Alors qu’il a souvent revendiqué la responsabilité, et donc la culpabilité, de l’Eglise, le pontife a incriminé cette fois… Satan. Derrière les abus sexuels, « il y a Satan », a-t-il assuré en évoquant « une manifestation du mal flagrante, agressive, destructrice ». Comme s’il suffisait de sortir le diable de l’enfer, de proférer un « vade retro Satana » pour exorciser le mal, les prêtres coupables étant sous l’emprise d’une force satanique et donc pas totalement responsables…

« C’est un blabla pastoral »

Ce propos a affaibli le discours du pontife argentin, qui a pourtant affiché une réelle fermeté. « Si, dans l’Eglise, a-t-il martelé, on détecte même un seul cas d’abus – qui représente déjà en soi une horreur –, un tel cas sera affronté avec la plus grande gravité. » Jugeant qu’il s’agissait d’un problème universel, qui « malheureusement existe presque partout », il a souligné que l’Eglise fera « tout ce qui est nécessaire afin de livrer à la justice quiconque aura commis de tels délits. L’Eglise ne cherchera jamais à étouffer ou à sous-estimer aucun cas ». Mais, en dehors de la mise en place d’équipes mobiles pour aider les conférences épiscopales dépourvues de moyens, les mesures concrètes qui avaient été promises attendront.

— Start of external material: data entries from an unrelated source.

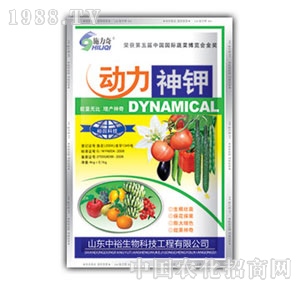 ��ԣ����-��(d��ng)�����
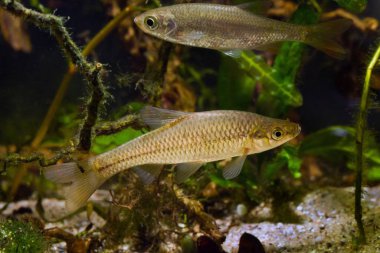Taş moroko, doğudan vahşi agresif baskın tatlı su balığı, esir tutulabilir soğuk su hepçilleri, Avrupa nehri biotope akvaryumu, su bitkisi, LED düşük ışık, bulanık arka plan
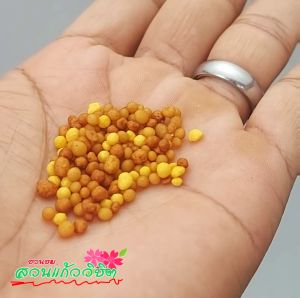 ออสโมโค้ท พลัส และ ออสโมโค้ น้ำหนักถุงละ 100 กรัม แพ็คคู่ราคาพิเศษ ปุ๋ยใส่ต้นไม้ ปุ๋ยล่ะลายช้า เร่งดอกและบำรุงต้น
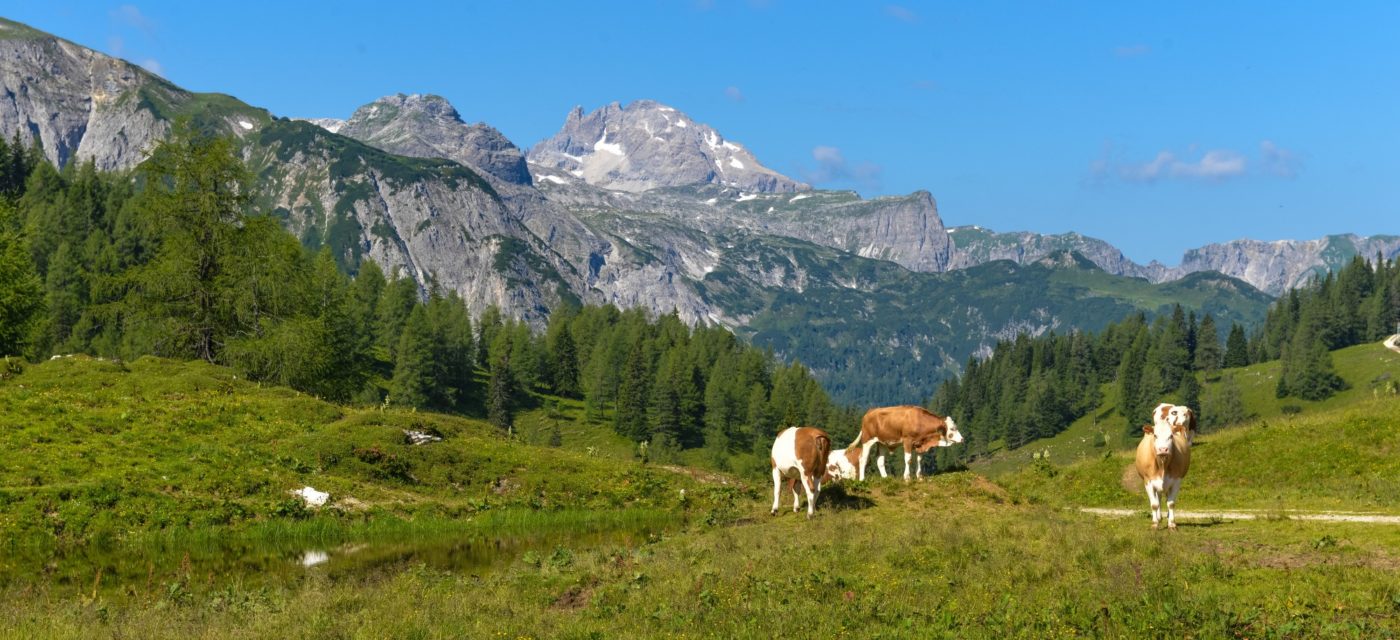 Picture of cows in the mountains in Austria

Les représentants des associations de victimes n’ont pas caché leur déception. « C’est un blabla pastoral, la faute du diable », a dit l’un d’eux. « Il n’y a rien sur la tolérance zéro, l’exclusion définitive de violeurs d’enfants et des agresseurs sexuels », a renchéri un autre.

De fait, il n’y a rien sur le renvoi systématique des prêtres fautifs de l’état clérical, la révocation d’évêques convaincus d’avoir protégé des coupables, la publication des archives. On n’a pas plus progressé sur la question du secret pontifical qui, lors d’un procès canonique, impose un mur de silence privant les victimes de leurs droits les plus élémentaires dans la procédure. Sera-t-il enfin allégé ? Ce n’est pas acquis.

Il n’y a pas eu davantage de clarifications sur les règles à instaurer pour juger les évêques défaillants. Les faiblesses de ces mécanismes ont déjà été reconnues, mais on est loin de la création d’un tribunal spécial, réclamé par les victimes, pour les évêques.

En convoquant cette rencontre, François a pris une initiative louable mais pour l’heure décevante.